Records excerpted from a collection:
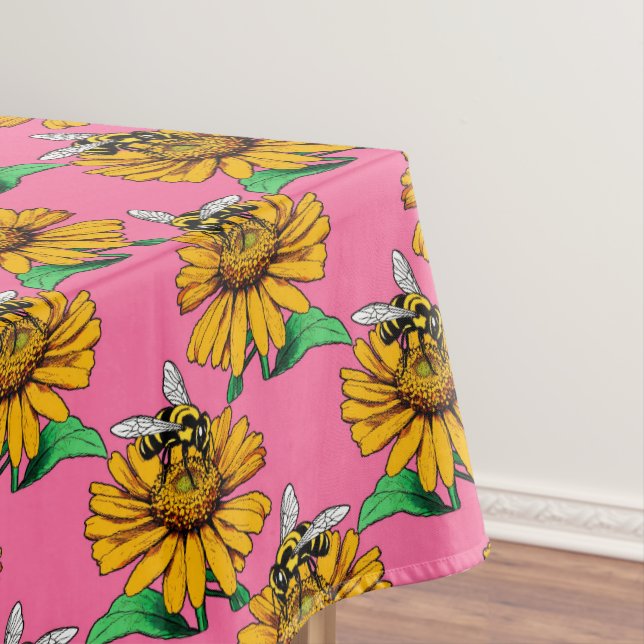 Toalha De Mesa Bee on Sunflower Flower Pattern Design Pink (Posição Original)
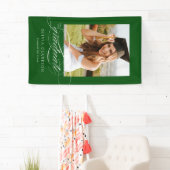 Groen Elegant Script Afstuderen Photo Party Spandoek (Insitu)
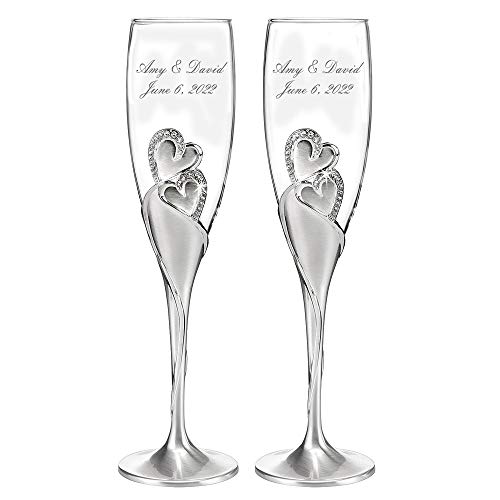 Personalized Wedding Toasting Flutes, Sparkling Love Design, Custom Engraved Champagne Flutes for Bride and Groom, Set of 2, Silver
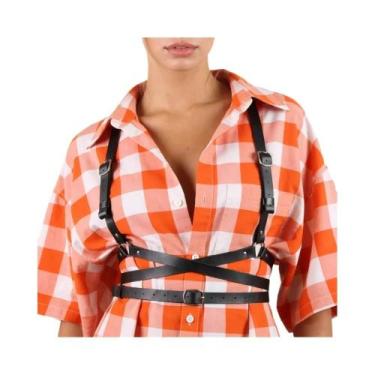 Imagem de Cinto Harness E-Girl Preto E Branco Com Múltiplos Anéis E Fivela De Me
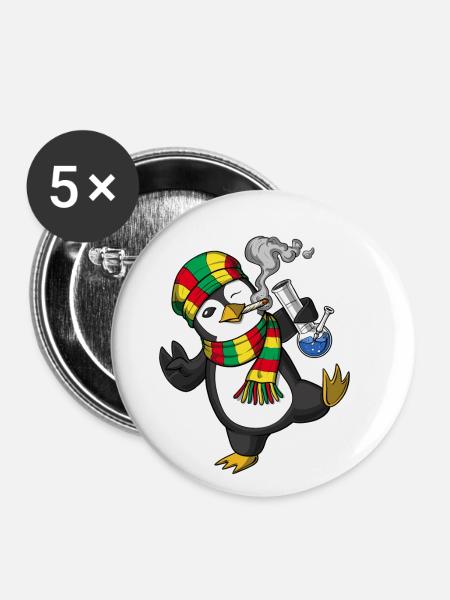 Pinguin Rauchen Unkraut - Buttons klein 25 mm (5er Pack) - Weiß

BRIEF:
With the pictures left out, copy exactly the lines from the line holding "Groen Elegant Script" through the final line of the records, including both.

WRITTEN RESPONSE:
 Groen Elegant Script Afstuderen Photo Party Spandoek (Insitu)
 Personalized Wedding Toasting Flutes, Sparkling Love Design, Custom Engraved Champagne Flutes for Bride and Groom, Set of 2, Silver
 Imagem de Cinto Harness E-Girl Preto E Branco Com Múltiplos Anéis E Fivela De Me
 Pinguin Rauchen Unkraut - Buttons klein 25 mm (5er Pack) - Weiß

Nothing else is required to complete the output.